Proudly from our beginning, we at MANLEY LABS have been closely involved with numerous mastering facilities around the world. For these most demanding engineers in our industry, we have created specialised products such as our all-tube tape repro head amps, digital converters, high-powered vacuum tube monitor amplifiers, through to custom monitoring consoles, all the way up to complete facility design and installation.
The Mastering Version of the SLAM! incorporating detented and logable 1/2dB steps built with 1% metal film resistors on sealed gold-contact Grayhill switches is in full production.
You can read on the regular SLAM! page all the particulars about the limiters and the general gist of the SLAM! Keep reading on below for specific info about the Mastering Version of the SLAM!
Differences and Features, yes there are some differences and features:
First off: no microphone preamps. You mastering engineers certainly don’t need those. The mic pre and input select switch are removed and the switches become dedicated “mode” switches one each for the ELOP and the FET limiters.

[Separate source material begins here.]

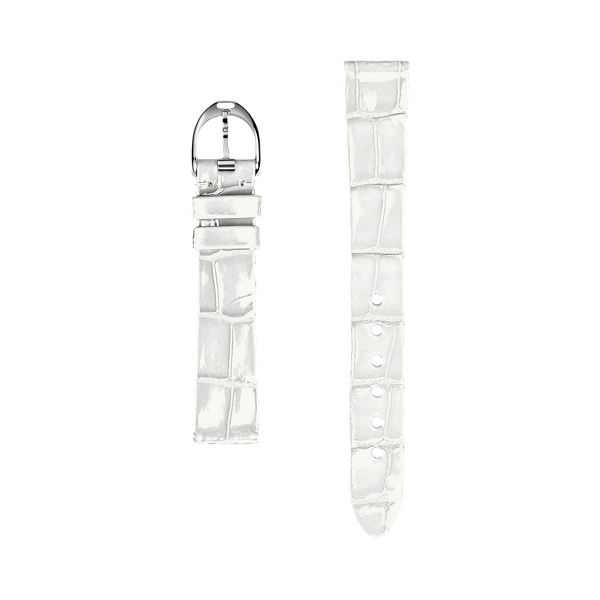White Uhrenarmband RL 888 aus Alligatorleder The RL888 Collection 1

1) The ELOP limiter gets more Ratios – 10:1, 5:1, 3:1, 2:1 and something new called AutoHF which starts off as a 1.5:1 ratio and increases gradually to 10:1 for highs. This is something like a de-esser, and of course can work with the ELOP SC toggle at 200Hz for even more effect.
2) The FET limiters get new modes that are 50%, NORM, LP Lim, BOTH, and CLIP.
The “50%” setting mixes in the straight signal to the limited signal which is often difficult to do in a mastering environment and because the FET sidechain ‘reads’ off the output, the amount of gain reduction doubles. It resembles halving the FET ratio but is cleaner due to the mix.
The “LP Lim” setting only comes into play for hot signals and reduces the depth of gain reduction for high freqs. This translates to – hot signals + moderate gain reduction = brighter, more present signal, less distortion, more balls. This mode allows more high frequencies to pass through without being limited.
The “CLIP” setting introduces a fixed threshold clipper circuit set up about -2 dB DFS or +18 dBv at the XLR. Within normal usage “CLIP” generally prevents outputs from passing beyond +18 dBv, and 97% of the time, clips in a controlled fast-recovery manner before a converter would (in generally a less than desirable sounding way).
Finally, the “BOTH” setting on the FET limiter engages both the “LP Limit” and the “CLIP” functions at the same time. This might be appropriate for metal and projects demanding intense volume. The “BOTH” mode is designed for situations where extreme processing and loudness is required but where attack, brightness and aggressiveness needs to be preserved or enhanced.
3) The LEFT blue erstwhile-“limit” button becomes a master stereo LIMIT bypass switch here in the Mastering Version. When it is not engaged, it becomes a true hard-wire bypass (This was not possible on the mic preamp regular version obviously).
4) The Right blue button becomes the DAC select switch (stereo).
5) The what-was-the-Phantom toggle on the back of the unit becomes the Unbalanced 1/4″ jack input select in this new mastering version.
6) There are no pots on the faceplate of the Mastering Version of the SLAM! All of the knobs in the Mastering Version are discrete detented switches in mostly 1 dB steps, with some appropriate 1/2 dB and 2 dB steps, right where they should be.
More than that, we really like the way it works and sounds and we generally prefer it to the non-mastering version for stereo tracks. There is a lot less fiddling involved to maintain L/R balances and the new modes are subtle but fun. It is easy to make just about anything sound better.